PROVIDED DATA START
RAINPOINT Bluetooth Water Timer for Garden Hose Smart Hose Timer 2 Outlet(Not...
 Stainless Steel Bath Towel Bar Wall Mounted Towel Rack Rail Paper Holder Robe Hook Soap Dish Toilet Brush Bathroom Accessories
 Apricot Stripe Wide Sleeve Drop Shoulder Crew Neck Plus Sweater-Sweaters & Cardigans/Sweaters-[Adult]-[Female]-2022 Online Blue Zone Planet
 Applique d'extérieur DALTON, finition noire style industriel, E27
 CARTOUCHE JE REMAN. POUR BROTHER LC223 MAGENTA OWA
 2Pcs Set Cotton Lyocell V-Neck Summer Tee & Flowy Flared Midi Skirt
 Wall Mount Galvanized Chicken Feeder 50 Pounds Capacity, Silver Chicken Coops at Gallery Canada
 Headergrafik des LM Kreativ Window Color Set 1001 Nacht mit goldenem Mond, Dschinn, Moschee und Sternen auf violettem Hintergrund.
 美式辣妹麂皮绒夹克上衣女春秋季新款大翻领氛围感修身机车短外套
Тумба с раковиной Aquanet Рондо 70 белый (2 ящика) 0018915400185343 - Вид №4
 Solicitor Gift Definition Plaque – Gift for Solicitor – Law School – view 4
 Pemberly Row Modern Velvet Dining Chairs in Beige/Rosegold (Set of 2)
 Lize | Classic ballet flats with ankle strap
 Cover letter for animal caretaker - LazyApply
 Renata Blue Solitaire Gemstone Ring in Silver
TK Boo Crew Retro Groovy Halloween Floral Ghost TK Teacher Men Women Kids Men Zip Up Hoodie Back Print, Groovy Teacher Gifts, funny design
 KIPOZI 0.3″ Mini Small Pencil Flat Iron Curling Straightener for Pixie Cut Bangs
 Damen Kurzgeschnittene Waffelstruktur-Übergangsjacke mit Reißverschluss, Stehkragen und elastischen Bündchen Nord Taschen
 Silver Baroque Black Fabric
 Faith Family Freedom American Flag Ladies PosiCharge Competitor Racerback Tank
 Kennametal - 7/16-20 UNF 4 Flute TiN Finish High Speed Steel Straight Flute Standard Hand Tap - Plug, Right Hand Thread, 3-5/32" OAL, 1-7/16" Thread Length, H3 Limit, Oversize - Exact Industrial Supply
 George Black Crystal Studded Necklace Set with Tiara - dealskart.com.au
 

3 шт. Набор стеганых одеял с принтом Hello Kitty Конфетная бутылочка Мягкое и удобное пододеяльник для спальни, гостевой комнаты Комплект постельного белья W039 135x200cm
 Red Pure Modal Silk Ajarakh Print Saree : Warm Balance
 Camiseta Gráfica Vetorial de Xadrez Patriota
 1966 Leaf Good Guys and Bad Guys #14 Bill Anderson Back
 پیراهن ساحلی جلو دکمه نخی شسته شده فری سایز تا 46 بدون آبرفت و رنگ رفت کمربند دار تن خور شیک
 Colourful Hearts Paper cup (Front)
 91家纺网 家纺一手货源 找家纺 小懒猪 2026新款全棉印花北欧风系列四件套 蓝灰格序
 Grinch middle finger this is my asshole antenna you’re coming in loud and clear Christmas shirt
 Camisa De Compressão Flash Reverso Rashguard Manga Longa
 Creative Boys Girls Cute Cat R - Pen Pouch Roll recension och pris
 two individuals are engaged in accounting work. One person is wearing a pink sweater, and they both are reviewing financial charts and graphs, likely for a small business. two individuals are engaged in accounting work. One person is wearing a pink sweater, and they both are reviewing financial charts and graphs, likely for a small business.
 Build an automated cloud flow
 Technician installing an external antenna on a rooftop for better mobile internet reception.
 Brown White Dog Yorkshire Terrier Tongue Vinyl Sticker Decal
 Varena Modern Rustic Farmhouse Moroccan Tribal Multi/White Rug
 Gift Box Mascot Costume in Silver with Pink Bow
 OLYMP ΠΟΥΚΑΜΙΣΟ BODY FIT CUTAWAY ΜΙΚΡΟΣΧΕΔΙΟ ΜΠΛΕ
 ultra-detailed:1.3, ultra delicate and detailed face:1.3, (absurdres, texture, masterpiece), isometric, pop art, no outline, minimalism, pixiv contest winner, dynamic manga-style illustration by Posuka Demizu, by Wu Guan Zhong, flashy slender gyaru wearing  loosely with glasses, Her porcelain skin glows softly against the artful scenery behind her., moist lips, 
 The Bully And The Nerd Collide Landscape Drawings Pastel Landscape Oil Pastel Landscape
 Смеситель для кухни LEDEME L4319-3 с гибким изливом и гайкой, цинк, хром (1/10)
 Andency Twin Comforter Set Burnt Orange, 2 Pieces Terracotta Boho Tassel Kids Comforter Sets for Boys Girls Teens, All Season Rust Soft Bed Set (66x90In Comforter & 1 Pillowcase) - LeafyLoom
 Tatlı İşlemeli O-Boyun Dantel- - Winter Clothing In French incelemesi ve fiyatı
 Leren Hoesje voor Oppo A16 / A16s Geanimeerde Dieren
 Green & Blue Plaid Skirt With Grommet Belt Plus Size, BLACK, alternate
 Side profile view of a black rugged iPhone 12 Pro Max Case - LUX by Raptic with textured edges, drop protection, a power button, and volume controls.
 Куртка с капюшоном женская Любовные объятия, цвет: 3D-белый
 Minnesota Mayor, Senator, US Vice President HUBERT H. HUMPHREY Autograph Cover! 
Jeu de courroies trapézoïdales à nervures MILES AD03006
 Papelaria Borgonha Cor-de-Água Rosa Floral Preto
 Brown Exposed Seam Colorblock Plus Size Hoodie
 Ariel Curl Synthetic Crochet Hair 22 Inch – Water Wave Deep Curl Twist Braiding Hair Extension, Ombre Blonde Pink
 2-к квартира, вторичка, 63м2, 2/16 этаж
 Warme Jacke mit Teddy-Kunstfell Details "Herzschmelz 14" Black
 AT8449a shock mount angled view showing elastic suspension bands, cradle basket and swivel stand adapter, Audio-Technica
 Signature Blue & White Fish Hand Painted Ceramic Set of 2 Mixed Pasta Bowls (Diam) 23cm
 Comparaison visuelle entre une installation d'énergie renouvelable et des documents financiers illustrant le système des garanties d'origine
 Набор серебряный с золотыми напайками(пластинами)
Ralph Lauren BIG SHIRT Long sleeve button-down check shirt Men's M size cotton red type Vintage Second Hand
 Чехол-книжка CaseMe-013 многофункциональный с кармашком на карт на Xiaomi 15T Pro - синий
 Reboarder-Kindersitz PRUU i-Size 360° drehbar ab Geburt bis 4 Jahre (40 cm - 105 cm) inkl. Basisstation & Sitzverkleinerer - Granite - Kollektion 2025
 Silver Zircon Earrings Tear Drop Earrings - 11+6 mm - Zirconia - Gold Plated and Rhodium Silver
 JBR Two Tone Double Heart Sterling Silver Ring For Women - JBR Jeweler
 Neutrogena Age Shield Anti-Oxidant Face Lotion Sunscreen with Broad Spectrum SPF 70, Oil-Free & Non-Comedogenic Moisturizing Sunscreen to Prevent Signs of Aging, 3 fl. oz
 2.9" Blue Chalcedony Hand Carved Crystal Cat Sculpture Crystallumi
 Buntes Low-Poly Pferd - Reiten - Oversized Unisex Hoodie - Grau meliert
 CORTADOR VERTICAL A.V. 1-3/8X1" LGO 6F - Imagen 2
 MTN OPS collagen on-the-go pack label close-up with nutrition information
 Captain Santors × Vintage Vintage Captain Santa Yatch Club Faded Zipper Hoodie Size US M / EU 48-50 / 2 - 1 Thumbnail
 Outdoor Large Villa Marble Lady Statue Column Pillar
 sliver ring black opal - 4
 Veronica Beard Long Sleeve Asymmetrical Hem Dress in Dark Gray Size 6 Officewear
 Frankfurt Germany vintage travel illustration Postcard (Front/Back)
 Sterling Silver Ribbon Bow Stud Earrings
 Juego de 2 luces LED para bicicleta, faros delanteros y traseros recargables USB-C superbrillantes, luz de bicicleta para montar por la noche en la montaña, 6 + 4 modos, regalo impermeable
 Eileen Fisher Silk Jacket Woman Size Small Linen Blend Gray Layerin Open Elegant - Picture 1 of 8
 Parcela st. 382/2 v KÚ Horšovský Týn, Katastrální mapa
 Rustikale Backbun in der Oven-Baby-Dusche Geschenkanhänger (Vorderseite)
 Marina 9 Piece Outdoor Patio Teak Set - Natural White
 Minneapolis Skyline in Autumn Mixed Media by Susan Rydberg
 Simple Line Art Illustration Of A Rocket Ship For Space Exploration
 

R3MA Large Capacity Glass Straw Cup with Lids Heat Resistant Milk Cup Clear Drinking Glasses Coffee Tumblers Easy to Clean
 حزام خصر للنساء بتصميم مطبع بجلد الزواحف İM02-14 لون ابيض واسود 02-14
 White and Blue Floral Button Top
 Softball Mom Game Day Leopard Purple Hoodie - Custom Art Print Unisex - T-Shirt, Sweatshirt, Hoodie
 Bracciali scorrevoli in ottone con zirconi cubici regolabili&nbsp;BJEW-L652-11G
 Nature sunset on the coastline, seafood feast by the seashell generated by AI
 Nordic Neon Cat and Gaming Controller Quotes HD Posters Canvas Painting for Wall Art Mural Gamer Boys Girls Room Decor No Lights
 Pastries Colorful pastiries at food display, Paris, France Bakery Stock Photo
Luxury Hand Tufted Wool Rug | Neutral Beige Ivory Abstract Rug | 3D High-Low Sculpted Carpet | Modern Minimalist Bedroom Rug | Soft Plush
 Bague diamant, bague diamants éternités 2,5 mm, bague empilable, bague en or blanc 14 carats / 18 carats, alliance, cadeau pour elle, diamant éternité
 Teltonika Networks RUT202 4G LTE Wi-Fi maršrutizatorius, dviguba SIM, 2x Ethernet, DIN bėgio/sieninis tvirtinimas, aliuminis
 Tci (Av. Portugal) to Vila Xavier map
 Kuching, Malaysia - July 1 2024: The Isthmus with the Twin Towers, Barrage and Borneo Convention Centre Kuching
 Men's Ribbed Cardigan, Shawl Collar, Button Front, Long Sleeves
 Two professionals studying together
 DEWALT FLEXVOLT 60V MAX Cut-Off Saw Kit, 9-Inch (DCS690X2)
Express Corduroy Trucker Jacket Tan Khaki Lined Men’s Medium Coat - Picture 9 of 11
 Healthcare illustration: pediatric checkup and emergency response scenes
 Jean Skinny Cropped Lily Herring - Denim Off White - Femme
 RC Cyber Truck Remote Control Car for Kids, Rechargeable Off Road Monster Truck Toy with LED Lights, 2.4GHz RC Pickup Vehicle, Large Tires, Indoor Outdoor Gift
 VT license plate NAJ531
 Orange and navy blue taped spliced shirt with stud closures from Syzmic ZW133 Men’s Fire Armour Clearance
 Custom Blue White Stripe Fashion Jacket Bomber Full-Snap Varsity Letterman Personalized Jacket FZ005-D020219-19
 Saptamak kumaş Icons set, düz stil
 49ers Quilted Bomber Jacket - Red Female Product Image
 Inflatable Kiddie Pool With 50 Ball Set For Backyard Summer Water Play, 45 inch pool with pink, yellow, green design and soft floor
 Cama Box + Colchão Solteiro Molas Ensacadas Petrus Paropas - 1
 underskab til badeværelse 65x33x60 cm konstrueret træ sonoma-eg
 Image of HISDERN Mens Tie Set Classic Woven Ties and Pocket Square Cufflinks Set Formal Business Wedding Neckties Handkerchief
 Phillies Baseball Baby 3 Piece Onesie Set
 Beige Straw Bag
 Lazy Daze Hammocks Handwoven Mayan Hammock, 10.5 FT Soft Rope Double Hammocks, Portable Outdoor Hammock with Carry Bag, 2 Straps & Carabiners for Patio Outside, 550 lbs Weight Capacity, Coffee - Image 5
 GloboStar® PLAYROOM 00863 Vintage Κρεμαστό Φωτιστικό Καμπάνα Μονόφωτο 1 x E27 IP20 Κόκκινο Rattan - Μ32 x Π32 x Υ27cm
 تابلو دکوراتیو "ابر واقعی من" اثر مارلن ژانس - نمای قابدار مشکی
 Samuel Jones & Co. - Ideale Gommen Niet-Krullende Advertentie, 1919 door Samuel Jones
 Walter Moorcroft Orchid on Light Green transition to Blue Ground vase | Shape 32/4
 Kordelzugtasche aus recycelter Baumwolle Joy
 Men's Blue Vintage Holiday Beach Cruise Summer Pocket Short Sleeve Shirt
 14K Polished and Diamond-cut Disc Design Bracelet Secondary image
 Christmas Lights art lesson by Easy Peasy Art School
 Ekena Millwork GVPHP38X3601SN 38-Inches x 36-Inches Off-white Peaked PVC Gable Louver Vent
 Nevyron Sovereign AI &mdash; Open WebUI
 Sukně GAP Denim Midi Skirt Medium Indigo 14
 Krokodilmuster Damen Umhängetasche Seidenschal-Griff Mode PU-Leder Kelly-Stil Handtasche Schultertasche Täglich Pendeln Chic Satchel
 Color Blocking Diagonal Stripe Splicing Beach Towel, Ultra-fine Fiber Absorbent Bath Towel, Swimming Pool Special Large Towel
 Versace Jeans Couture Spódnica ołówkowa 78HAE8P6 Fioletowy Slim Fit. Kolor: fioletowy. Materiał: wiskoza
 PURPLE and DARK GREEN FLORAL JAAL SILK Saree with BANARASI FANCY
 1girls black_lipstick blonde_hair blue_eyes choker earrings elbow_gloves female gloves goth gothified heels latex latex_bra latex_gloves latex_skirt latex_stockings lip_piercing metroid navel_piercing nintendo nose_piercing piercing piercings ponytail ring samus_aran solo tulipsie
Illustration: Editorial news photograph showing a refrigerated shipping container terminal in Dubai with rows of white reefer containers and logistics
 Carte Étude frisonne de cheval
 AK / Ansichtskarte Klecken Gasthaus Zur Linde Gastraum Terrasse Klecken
PROVIDED DATA END
- **BRIEF**:
Only the number is needed: count the lines of the material that include "Silver".

- **ANSWER AREA**:
7